Description
Strongly typing the return values of read.text as Dataset[String] breaks when trying to load a partitioned table (or any table where the path looks partitioned)
Seq((1, "test")) .toDF("a", "b") .write .format("text") .partitionBy("a") .save("/home/michael/text-part-bug") sqlContext.read.text("/home/michael/text-part-bug")

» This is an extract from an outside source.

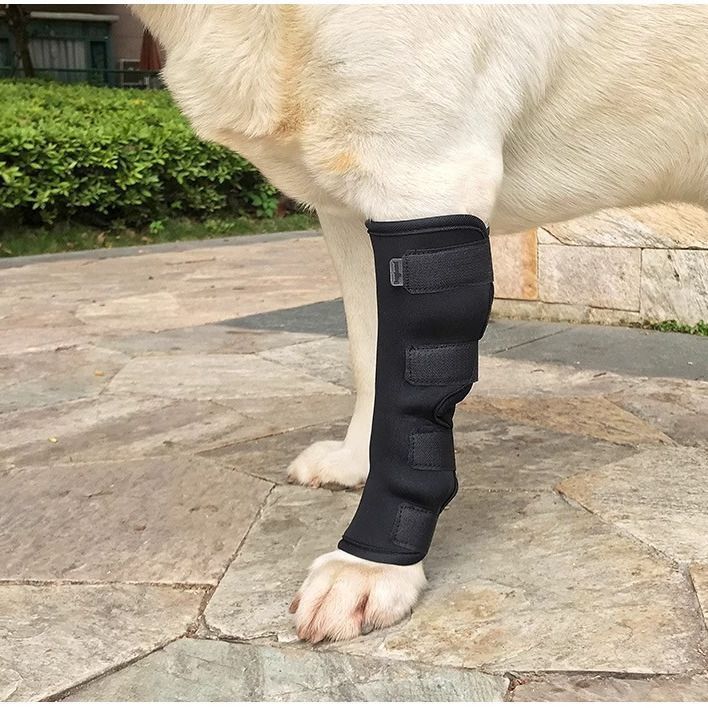 Pet Recovery Knee Brace Protective Sleeve for Dogs and Cats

org.apache.spark.sql.AnalysisException: Try to map struct<value:string,a:int> to Tuple1, but failed as the number of fields does not line up. - Input schema: struct<value:string,a:int> - Target schema: struct<value:string>; at org.apache.spark.sql.catalyst.encoders.ExpressionEncoder.org$apache$spark$sql$catalyst$encoders$ExpressionEncoder$$fail$1(ExpressionEncoder.scala:265) at org.apache.spark.sql.catalyst.encoders.ExpressionEncoder.validate(ExpressionEncoder.scala:279) at org.apache.spark.sql.Dataset.<init>(Dataset.scala:197) at org.apache.spark.sql.Dataset.<init>(Dataset.scala:168) at org.apache.spark.sql.Dataset$.apply(Dataset.scala:57) at org.apache.spark.sql.Dataset.as(Dataset.scala:357) at org.apache.spark.sql.DataFrameReader.text(DataFrameReader.scala:450)